» Task details:
Please set down, unchanged, each line from the one with "File:Anomalous left coronary" to the final line of the data below, both included. Drop the pictures.

» Recorded data:

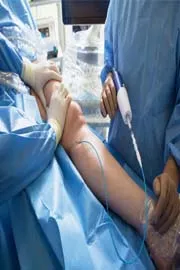 Health Tips: Sclerotherapy: Treatment for Varicose and Spider Veins2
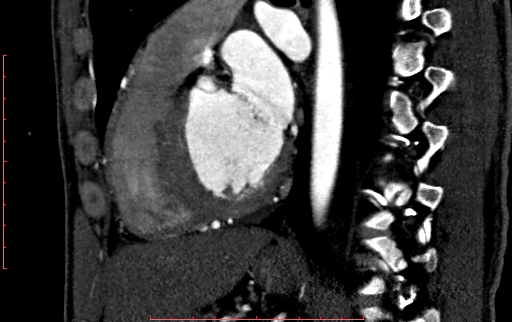 File:Anomalous left coronary artery from the pulmonary artery (ALCAPA) (Radiopaedia 70148-80181 C 147).jpg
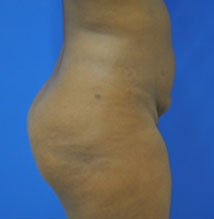 Buttock Shaping (Brazilian Butt Lift) Case 4073 Before Photo Buttock Shaping (Brazilian Butt Lift)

» Solved problem:
 File:Anomalous left coronary artery from the pulmonary artery (ALCAPA) (Radiopaedia 70148-80181 C 147).jpg
 Buttock Shaping (Brazilian Butt Lift) Case 4073 Before Photo Buttock Shaping (Brazilian Butt Lift)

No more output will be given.